#### ASSIGNMENT:
Transcribe exactly, and without pictures, the lines from the one that contains "Toyota Camry 2019 года с пробегом. Фото: #5" through the last line of the material.

#### INFORMATION SUPPLIED:
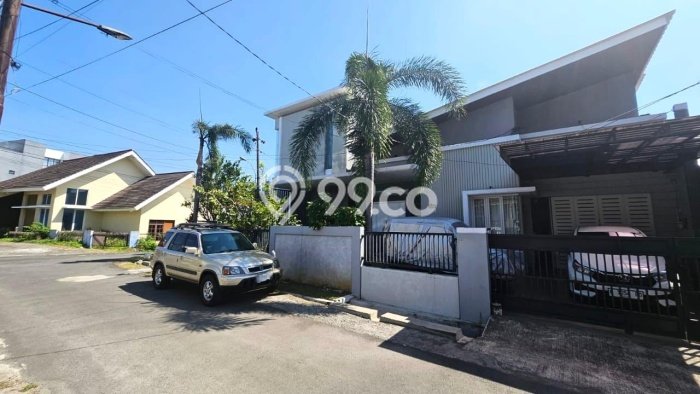 For Sale Rumah Elit Exclusive di Banyumanik, Semarang For Sale Rumah Elit Exclusive di Banyumanik, Semarang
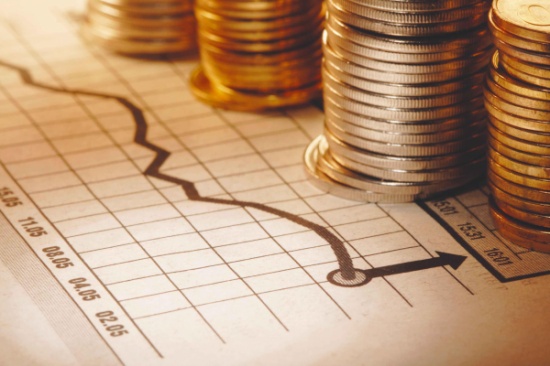 خبراء ماليون يدعون لتوجيه السيولة المصرفية نحو الشركات الصغيرة والمتوسطة خبراء ماليون يدعون لتوجيه السيولة المصرفية نحو الشركات الصغيرة والمتوسطة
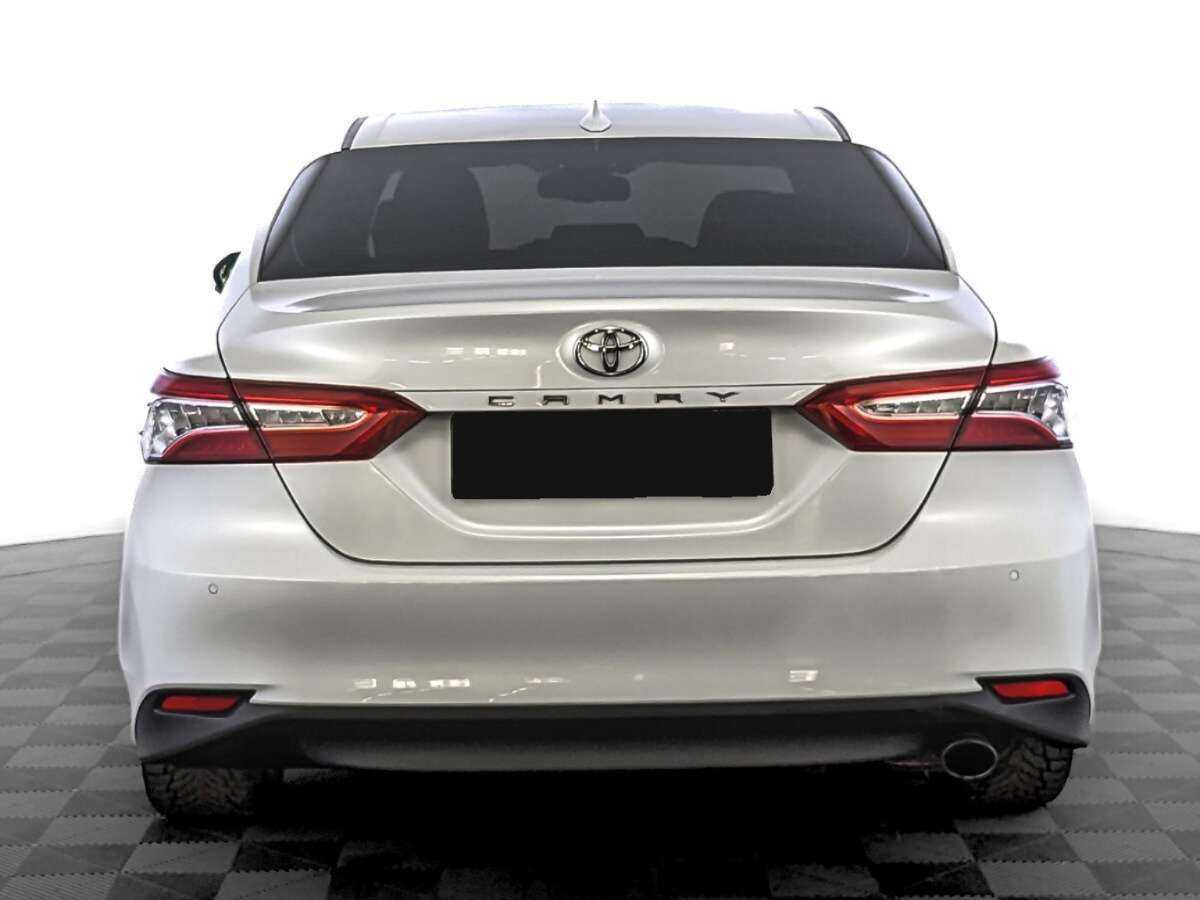 Toyota Camry 2019 года с пробегом. Фото: #5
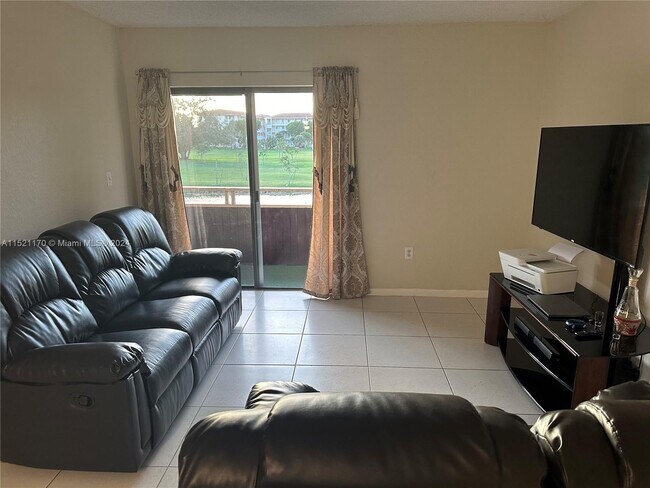 Foto del edificio - 17530 NW 68th Ave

#### SOLUTION FOR THIS EXERCISE:
 Toyota Camry 2019 года с пробегом. Фото: #5
 Foto del edificio - 17530 NW 68th Ave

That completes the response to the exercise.